• _EXERCISE DETAILS_
Leaving out all pictures, transcribe exactly the lines between the line with "ゆるゆり　ぱじゃまクッション　セット（その他のおもちゃ）の商品画像 - 査定依頼日：2025年5月21日" and the last line of the records below, both included.

___ MATERIAL PROVIDED ___

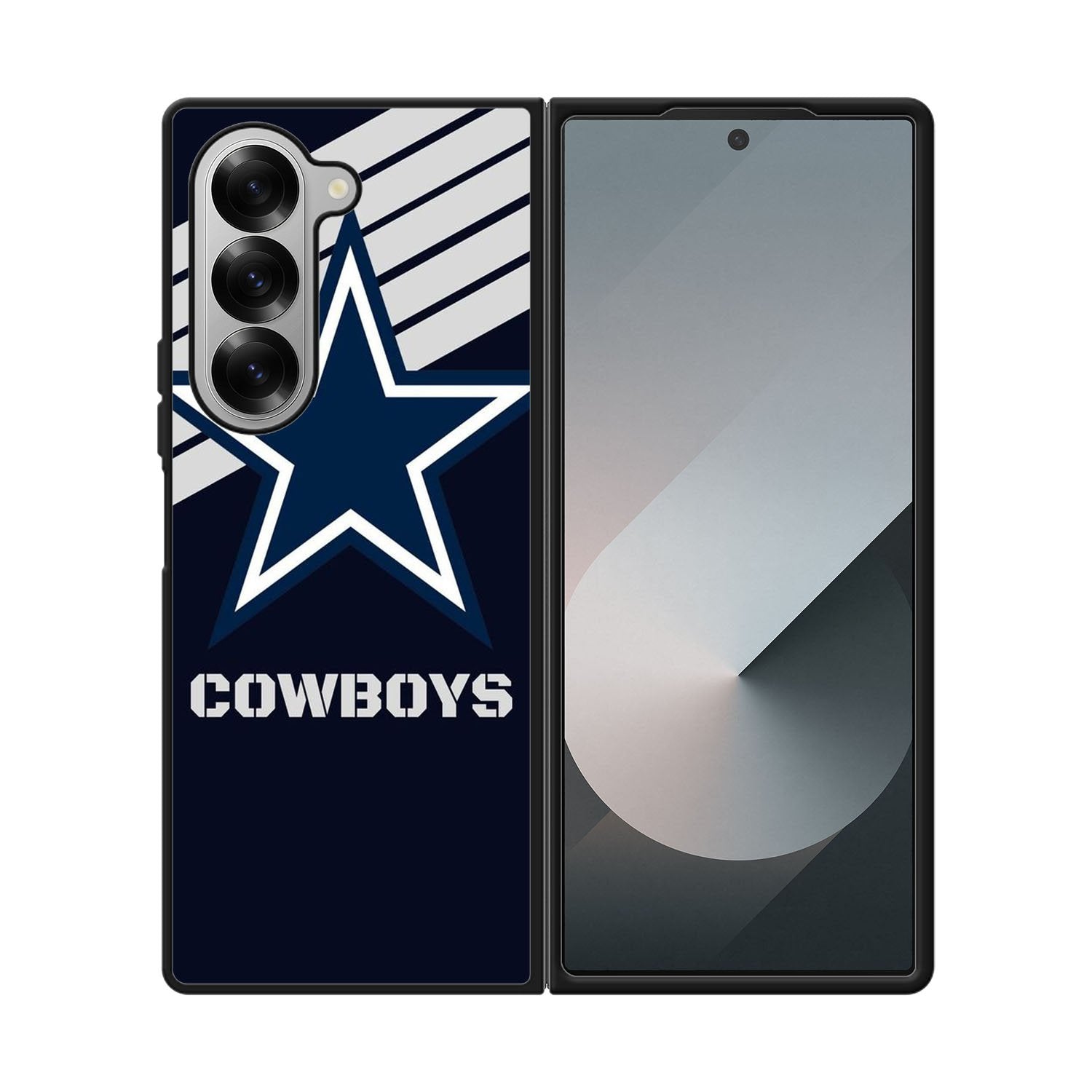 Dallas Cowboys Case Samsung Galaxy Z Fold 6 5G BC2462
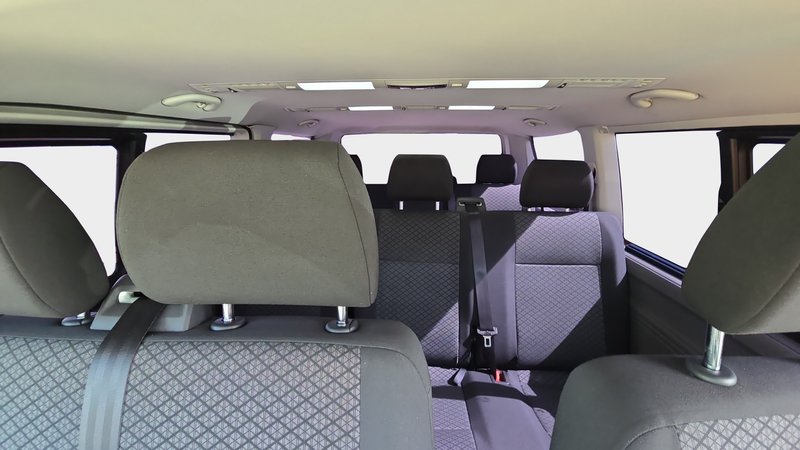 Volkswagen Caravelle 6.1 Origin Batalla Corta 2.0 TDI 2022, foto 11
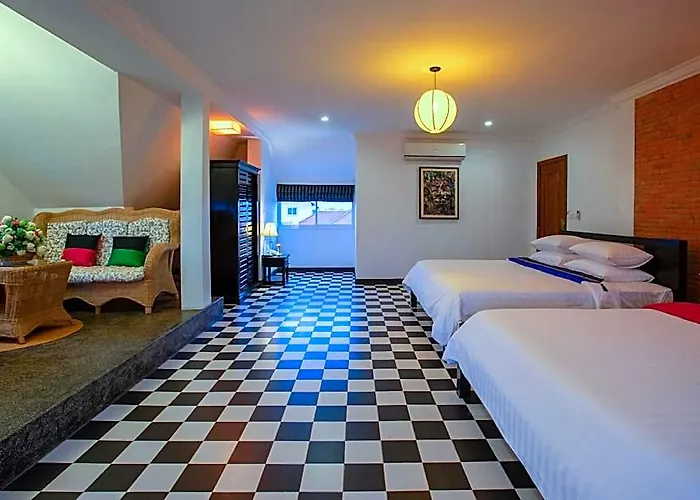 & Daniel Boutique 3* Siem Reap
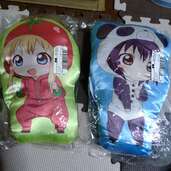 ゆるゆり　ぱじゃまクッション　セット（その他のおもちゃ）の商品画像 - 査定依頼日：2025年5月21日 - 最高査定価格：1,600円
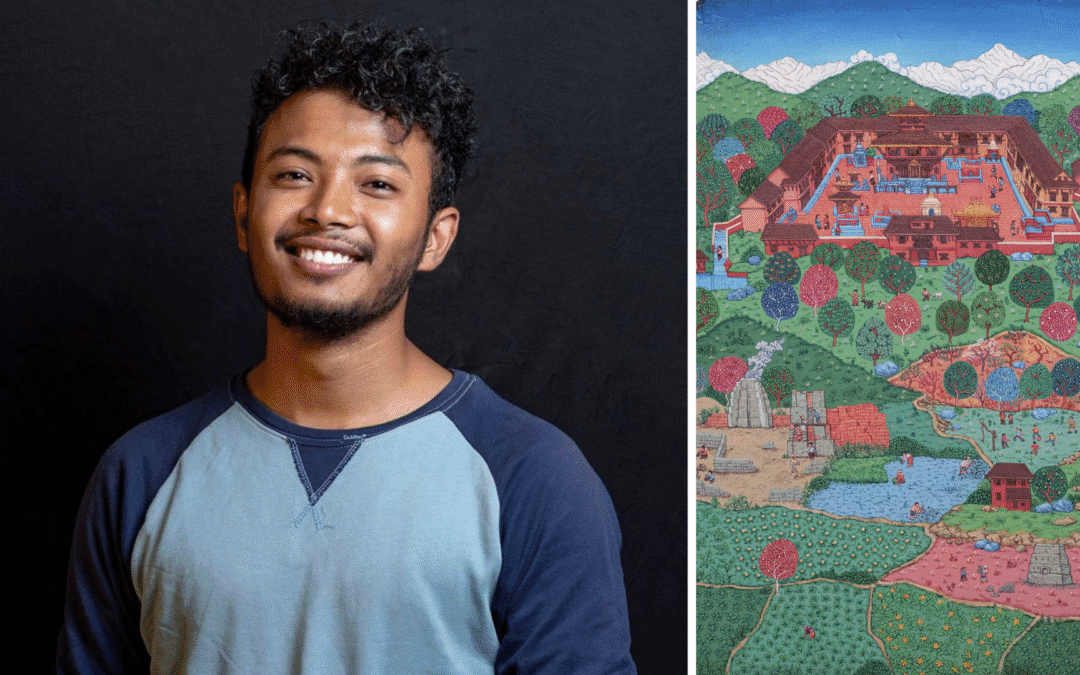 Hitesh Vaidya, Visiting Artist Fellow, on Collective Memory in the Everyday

___

• _RESULT FOR THIS TASK_
 ゆるゆり　ぱじゃまクッション　セット（その他のおもちゃ）の商品画像 - 査定依頼日：2025年5月21日 - 最高査定価格：1,600円
 Hitesh Vaidya, Visiting Artist Fellow, on Collective Memory in the Everyday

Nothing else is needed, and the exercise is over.